- **Work item**
Drop the images; return everything else in the listing below exactly.

- **Exercise data**
___
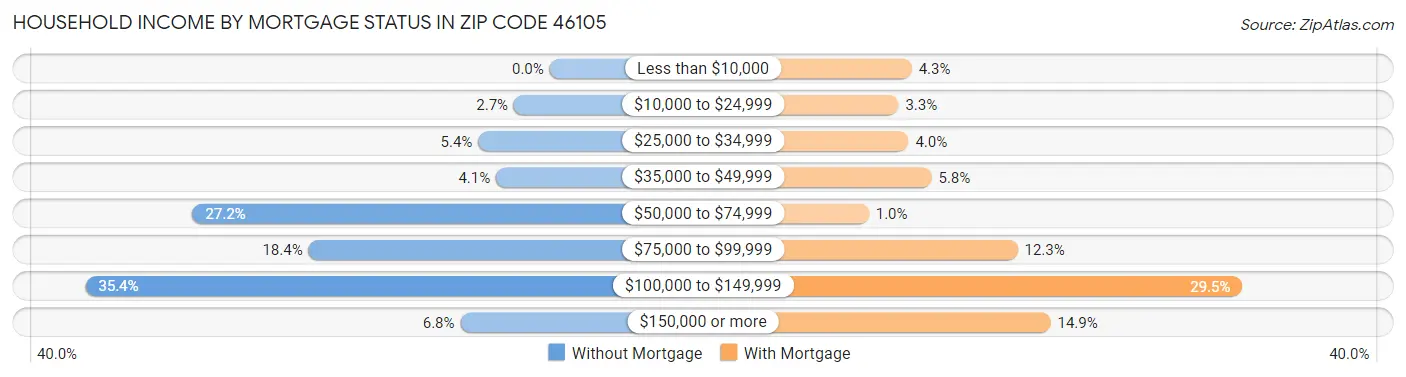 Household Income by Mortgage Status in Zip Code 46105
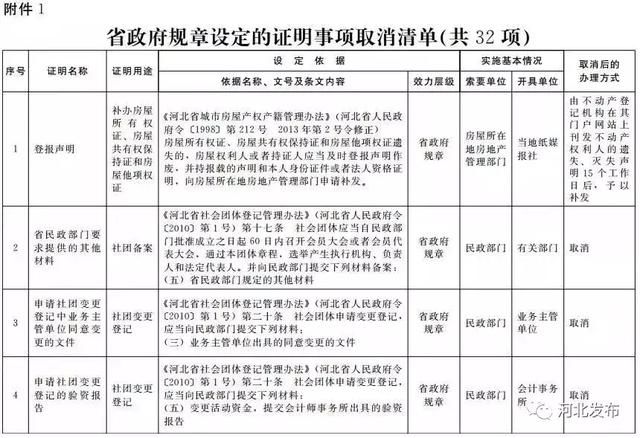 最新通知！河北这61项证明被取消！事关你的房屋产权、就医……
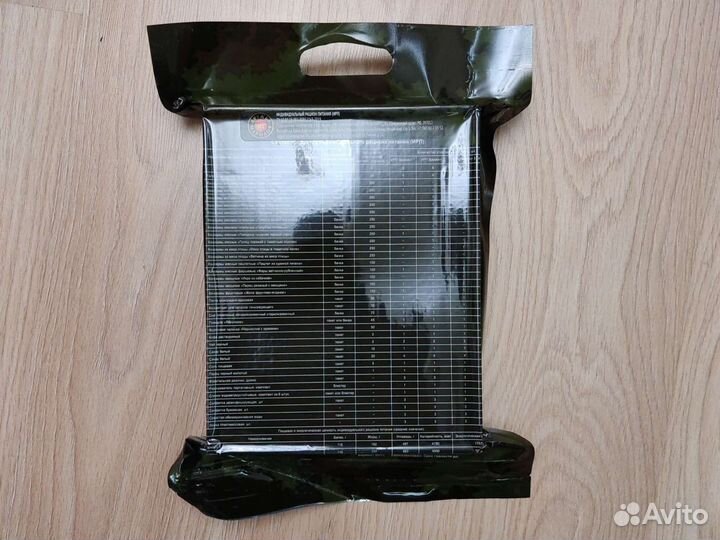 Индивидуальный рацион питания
___
- **Your solution**
 Household Income by Mortgage Status in Zip Code 46105
 最新通知！河北这61项证明被取消！事关你的房屋产权、就医……
 Индивидуальный рацион питания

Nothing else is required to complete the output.